8. Educate the Staff. Staff education, as well new employee orientation, should make the staff aware of their responsibility for maintaining an appropriate sound environment. While mandating staff behavior has long been known to be the least effective method of managing noise, behavioral standards should nevertheless be modeled and extended organizationally.
This includes standards governing private or confidential discussions that take place in public areas; use and methods of paging; and use of cell phones, nurse call systems. One U.S. hospital produced an effective educational video that demonstrated the best and worst behavioral examples regarding noise, conversations, use of pagers, and beepers.
Without a doubt, seeing and hearing from the standpoint of the patient is a great teaching tool.There are also kinder, gentler methods to give the message to visitors.

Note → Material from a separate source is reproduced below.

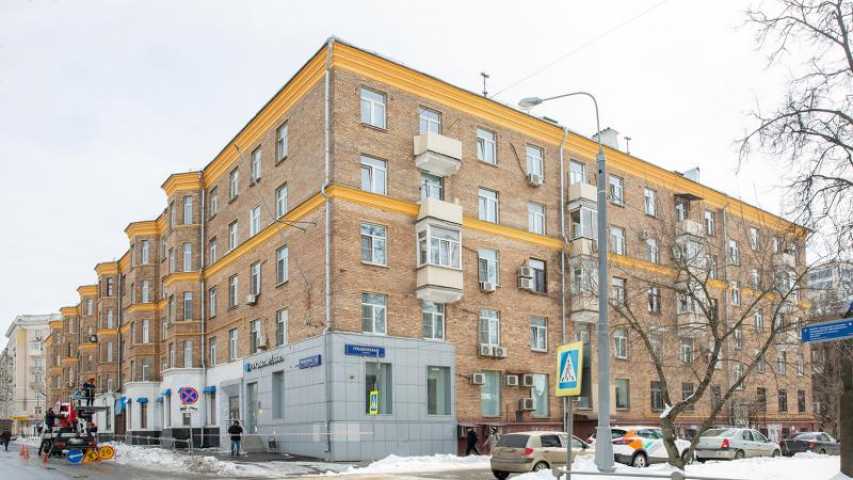 Бизнес центр Можайское шоссе, 11 на Можайском шоссе,д. 11,фото-5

Another U.S. hospital put up a stanchion of a child in a colorful nursing uniform holding one finger to her lips and saying Shhh! Another created signs and buttons saying Quiet Please: Healing in Progress, reinforcing the awareness that a hospital needs, first and foremost, to be a place of recovery.
Conclusion
An inadvertent combination and consequence of people, technology, and circumstance, the sound environment is the least controllable and most pervasive, if not invasive, of all environmental stressors in the clinical setting. It is a major factor that patients and families respond to in a healthcare crisis and a determinant in how they perceive the care and caregiver. Whether trying to control breakthrough pain caused by cancer or agitation caused by other conditions, the sounds that surround patients and caregivers impact bottom-line effectiveness.
The long-term success of the first eight steps described above are dependent upon continuing diligence. Re-assess the sound environment; re-evaluate the effectiveness of methods being used; maintain equipment as it ages; pay attention to patient satisfaction scores specific to the sound environment; and regularly include the quality of the sound environment as an agenda item in staff management meetings, as well as other staff meetings. This will assure that the quality of care will be well represented by what is heard as well as seen.